Progress in the study of non-mendelian disorders has been more limited, mirroring the slower progress in other populations for these more challenging disorders. One clear success is the identification of a common allele in the gene encoding a cytochrome P450 enzyme (CYP2C19) that has an impact upon response to anti-platelet therapy in Amish patients with heart disease [19]. Importantly, this gene may also have relevance for anti-platelet therapy in other populations.

The culture and lifestyle of the Amish and other Plain peoples can also create difficulties for research. Most Old Order Amish communities eschew electronic forms of communication, requiring researchers to find and evaluate potential volunteers in the field. The total Amish population is about 275 000, which limits the number of potential volunteers, even with relatively efficient case-finding methods. German and Swiss dialects are spoken at home (although English is taught at school) and formal schooling usually ends after the 8th grade. This creates educational and language barriers that can complicate informed consent, volunteer enrollment, and evaluation, especially for psychiatric disorders. ‘Horse-and-Buggy’ and other Old Order Mennonites are less genetically homogeneous and more mobile than the Amish, but they share a common ancestry and can be easier to reach and diagnose, adding to the pool of potential study participants. Other Plain populations, such as the Hutterites, are small and typically live in remote areas, limiting access.

Amish and Mennonite population structure

The history of Amish and Mennonite settlements in the US is well known. Extensive genealogical records have been kept by the Plain people [20], and an electronic genealogical database is curated at the NIH [21]. However, few studies have examined the precise genetic relationships between the Amish in Lancaster County and those who arrived later and settled in the mid-West or elsewhere in North America. One thing is clear, however: each of the Plain populations is based on a small number of founding couples, who themselves represented a fraction of the ancestral population in Europe.

These facts account for two of the major population genetic forces that have shaped the Plain populations: founder effects and genetic drift. The founder effect is the concentration of unique, private, or otherwise low-frequency alleles in isolated populations whose ancestry goes back to a few founding individuals, who presumably carried those same alleles. Founder effects and endogamy explain much of the increased autosomal recessive disease burden long observed among the Plain people. Genetic drift refers to the random fluctuations in allele frequencies that occur in relatively small, isolated populations. Genetic drift alone can create large differences in allele frequencies, complicating the identification of disease alleles in founder populations. Footprints of these same population dynamics probably exist in everyone [22], albeit obscured by mixing between populations.

One unique advantage of inbred populations for disease gene mapping is the phenomenon of autozygosity. Inbreeding can increase the incidence of rare recessive disorders. Each isolated population has its own genetic load that depends on which alleles were present in the founders or arose through new mutations. Rare alleles that act recessively to influence disease risk tend to reside within longer stretches of homozygosity that can be easily mapped using standard SNP arrays. This strategy has been used successfully to identify causal alleles for several autosomal recessive disorders prevalent in Plain populations [23]. Although common psychiatric disorders do not exhibit obvious recessive inheritance, recessive alleles may play a role as components of the risk. For example, excess runs of homozygosity have been reported in the mentally-ill offspring of first-cousins in Japan [24].
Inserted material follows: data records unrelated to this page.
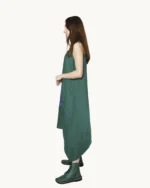 Zielona zwiewna lniana sukienka midi typu oversize na ramiączkach, ozdobiona ręcznie malowanymi wzorami, uszyta przez Naturalnie Podlasek, widok z boku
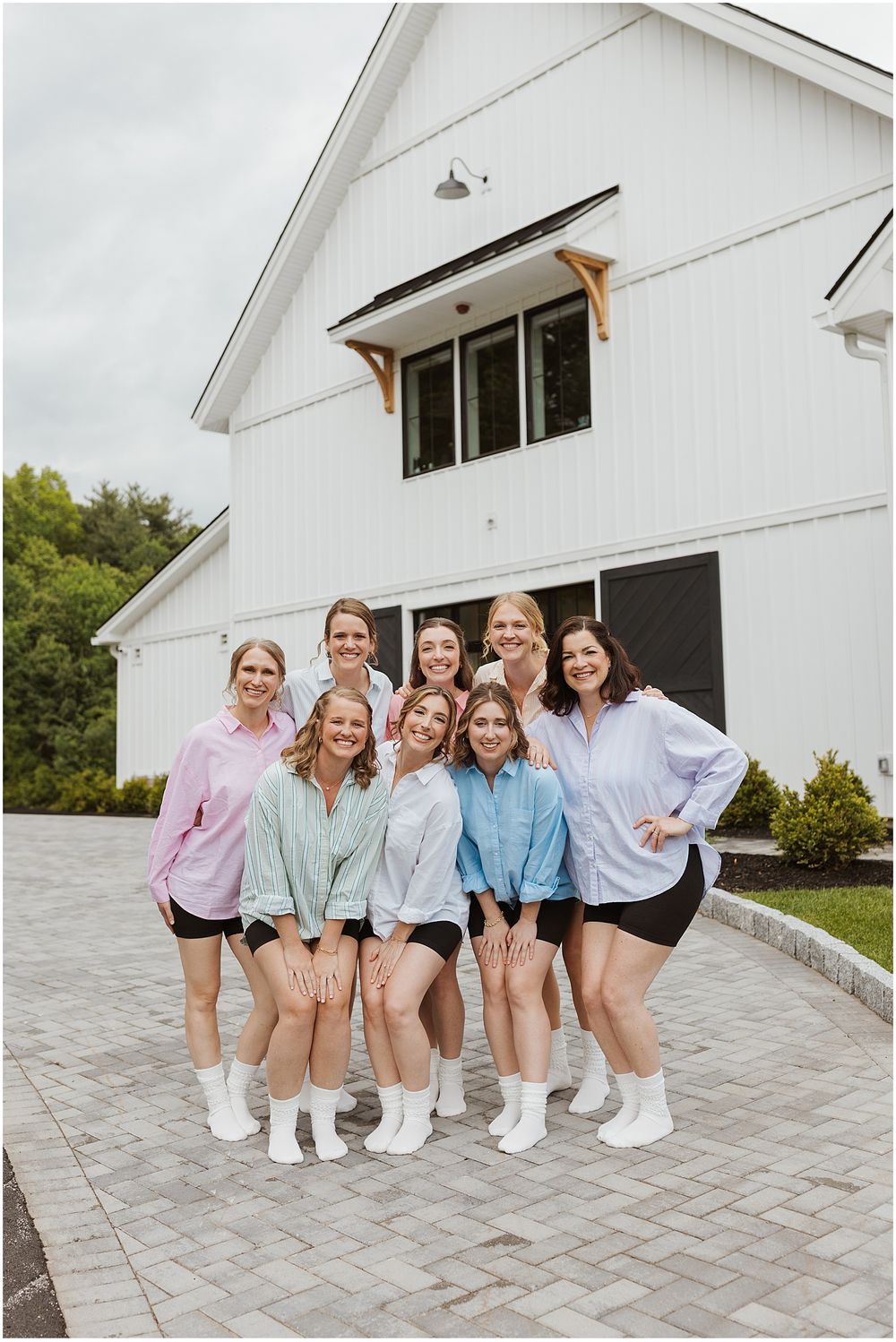 Bride and bridesmaids getting ready for a NH wedding at Hyla Brook Estate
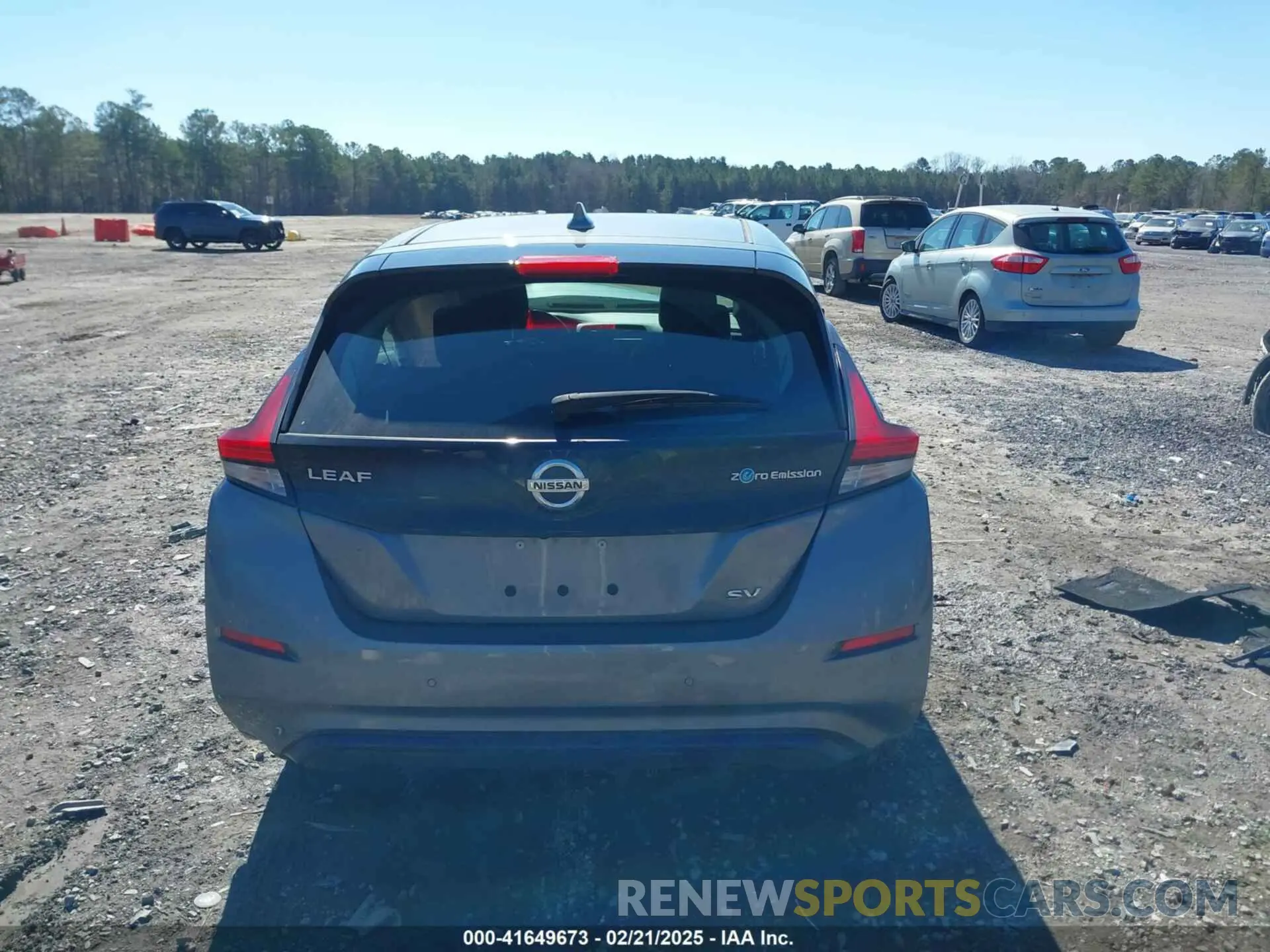 15 Photograph of a damaged car 1N4AZ1CV0MC554964 NISSAN LEAF 2021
Family-based sequencing in Plain kindreds

The Amish and other Plain people are well suited for research approaches based on large kindreds. Large families increase the opportunities for ascertaining extended relatives with the same disorder. Because most Plain people marry within their community, even individuals belonging to different nuclear families are often related, forming an extended kindred ideal for genetic studies. Furthermore, because the Plain communities were each founded by relatively few original settlers, genetic diversity is reduced, which may mean smaller sets of risk alleles involved in common disorders. Individuals also tend to stay in the area where they were born, facilitating longitudinal and offspring studies 25 and 26.

Although their large sizes offer many advantages for genetic research, Plain kindreds also tend to be very complex. Individuals are usually related in several ways, creating so-called ‘inbreeding loops’ that complicate traditional segregation and linkage analyses. Dense SNP arrays enable alternative approaches that rely on detecting long chromosomal segments inherited from a common ancestor. These identity-by-descent (IBD) methods are discussed next.
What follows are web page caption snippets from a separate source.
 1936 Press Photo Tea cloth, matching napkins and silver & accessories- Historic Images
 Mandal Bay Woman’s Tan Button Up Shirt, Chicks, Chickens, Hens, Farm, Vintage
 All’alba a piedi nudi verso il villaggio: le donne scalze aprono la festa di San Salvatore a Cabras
IBD and shared segment analysis

One of the big challenges for studies based on large-scale sequencing is the enormous number of variants that are present. Each individual is likely to carry many thousands of variants. Of these, some 10 000 are predicted to be potentially functional based on bioinformatic analysis. Because common diseases are thought to be genetically heterogeneous, many genes are potentially involved, and narrowing down the list of candidate variants to a few ‘causal’ mutations is challenging.
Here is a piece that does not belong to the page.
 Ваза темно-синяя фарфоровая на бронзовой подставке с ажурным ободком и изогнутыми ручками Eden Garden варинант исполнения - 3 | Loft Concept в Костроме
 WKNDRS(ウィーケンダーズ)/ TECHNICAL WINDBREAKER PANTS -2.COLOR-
Under many genetic models, causal alleles can be expected to reside within regions of IBD shared by affected relatives. This is because mutations are passed on from previous generations together with a flanking stretch of DNA that gradually diminishes from generation to generation due to recombination. IBD regions represent chromosomal segments that are inherited without recombination from a common ancestor, and therefore all of the variants within IBD regions are expected to be in strong linkage disequilibrium. In distant relatives, IBD regions constitute a small portion of the genome (Figure 4), and can thus greatly reduce the search space for causal alleles [10]. This approach has been used to map both monogenic and complex disorders in the Plain people [27] and in other founder populations 28 and 29. In complex disorders, not all distantly related cases may share the same causal alleles, but regions of IBD that are shared more often by pairs of distantly related cases are good places to look for causal alleles. Several studies have shown that IBD analysis might be sufficiently robust to detect loci involved in genetically heterogeneous traits where standard genetic linkage analysis has been impossible or ambiguous 30 and 31.

Figure 4
Identity by Descent. Colored bars represent founder chromosomes. Yellow-boxed segments indicate regions of the genome that descend from the common ancestors and are shared by some individuals in the current generation.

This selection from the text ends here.